Mahkeme, 2023 yılında tahliyeyi engelleyen bir tedbir kararı aldı.

Ancak ilk derece mahkemesi ve istinaf süreci İzmir Büyükşehir Belediyesi lehine sonuçlandı.

Davanın temyiz aşaması ise halen devam ediyor.

Belediye, yargı sürecinde kendi lehine alınan kararların ardından, İZOTAŞ’tan ecrimisil bedellerinin tahsili için 6183 sayılı yasa kapsamında haciz işlemlerini başlattı.

 

*- GÖRÜNTÜLER ve URLA

Zabıta ekipleri otogarda: İzbelik görüntüler dikkat çekti.

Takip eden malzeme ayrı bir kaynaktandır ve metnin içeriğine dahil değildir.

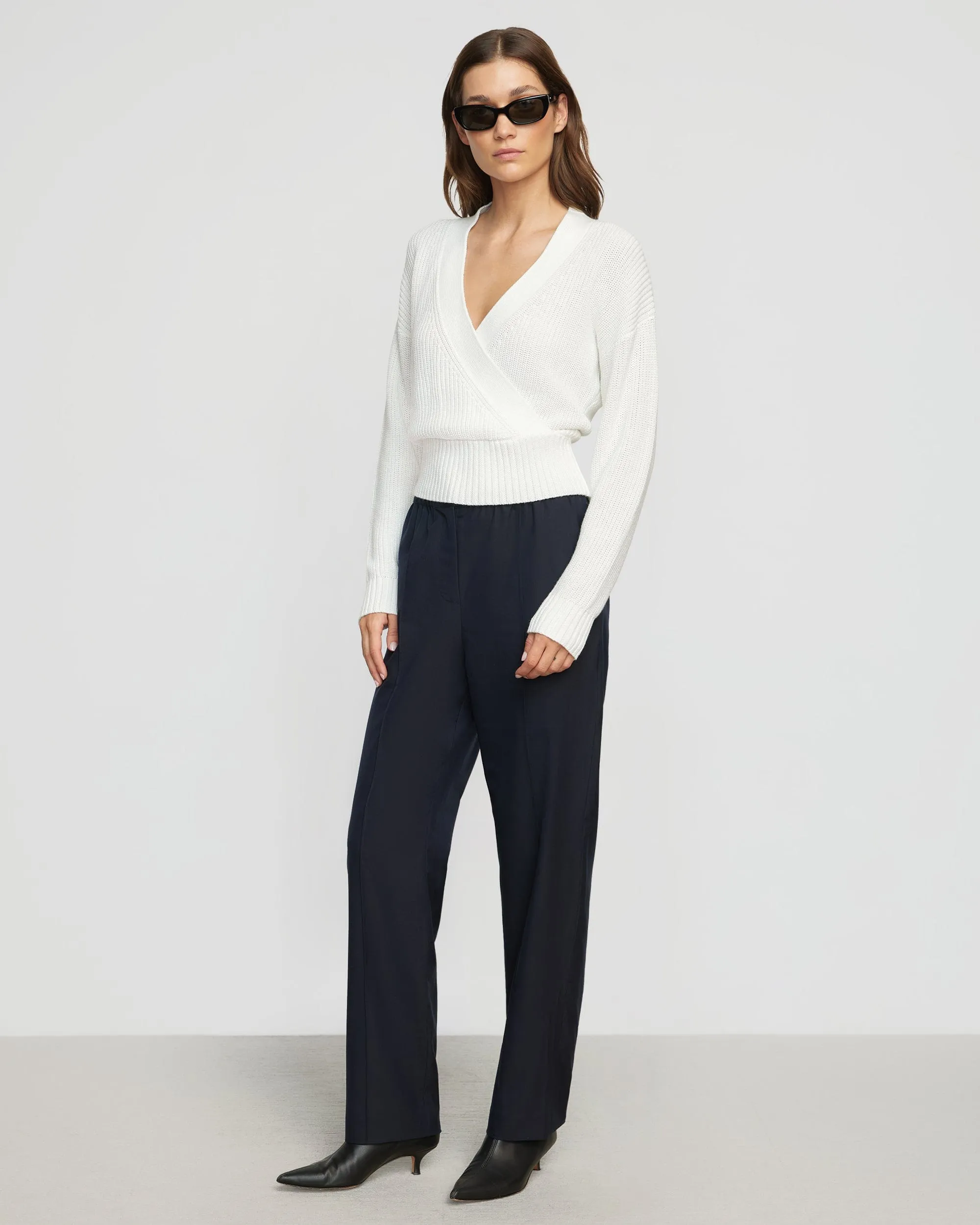 Maren Cropped V-Neck Sweater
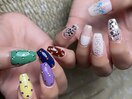 カラフル推し活ネイル♪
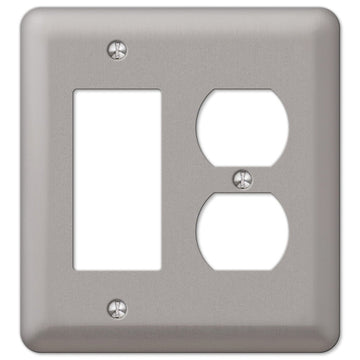Devon Brushed Nickel Steel - 1 Rocker / 1 Duplex Wallplate - Wallplate Warehouse 2RDPW 070686582640 1 Rocker / 1 Duplex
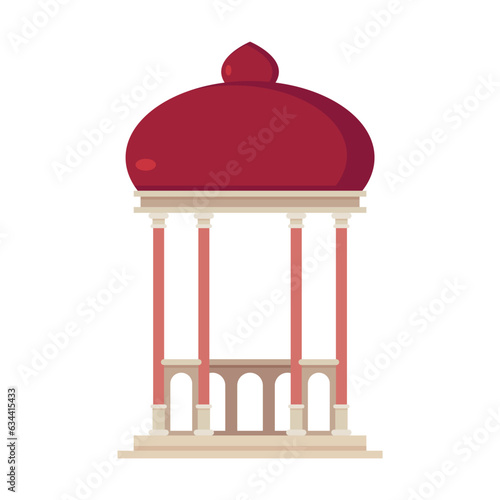 Outdoor pavilion in eastern style on white background. Pergola or gazebo cartoon illustration. Park or garden elements. Landscape design concept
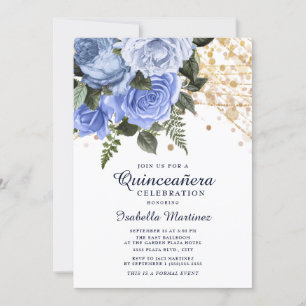 Invitation Parties scintillant en or bleu Rose Lumières Quinc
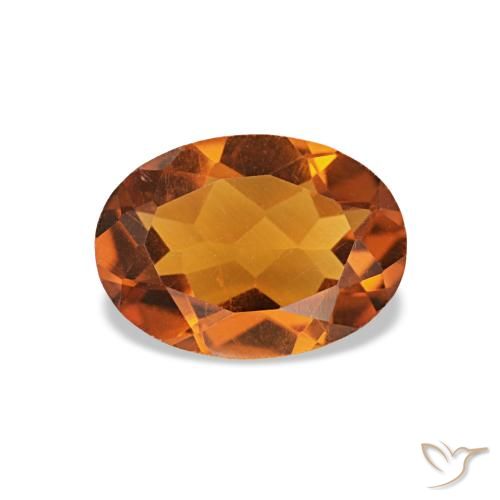 0.67캐럿 천연 오렌지 브라운 시트린, 타원형 컷, 7.1×5.1 mm, VVS-VS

Belediyenin haciz uygulaması sırasında çekilen görüntülerde, İzmir Otogarı’nın büyük bölümlerinin karanlık, kirli ve kullanılamaz durumda olduğu görülüyor.

Tavanlardan sarkan kablolar, kullanılmayan adeta kaderine terk edilmiş alanlar ve bakımsız peronlar dikkat çekti.

Yetkililer, alanın uzun süredir gerekli bakım ve denetimlerden yoksun olduğunu, güvenlik ve hijyen açısından risk teşkil ettiğini ifade ediyor.

Görüntüler karşısında bir yetkili, ‘Burası artık bir ulaşım merkezi değil, adeta izbelik bir alan hâline gelmiş durumda. İzmir’in giriş kapısının bu halde kalmasına izin veremeyiz’ dedi.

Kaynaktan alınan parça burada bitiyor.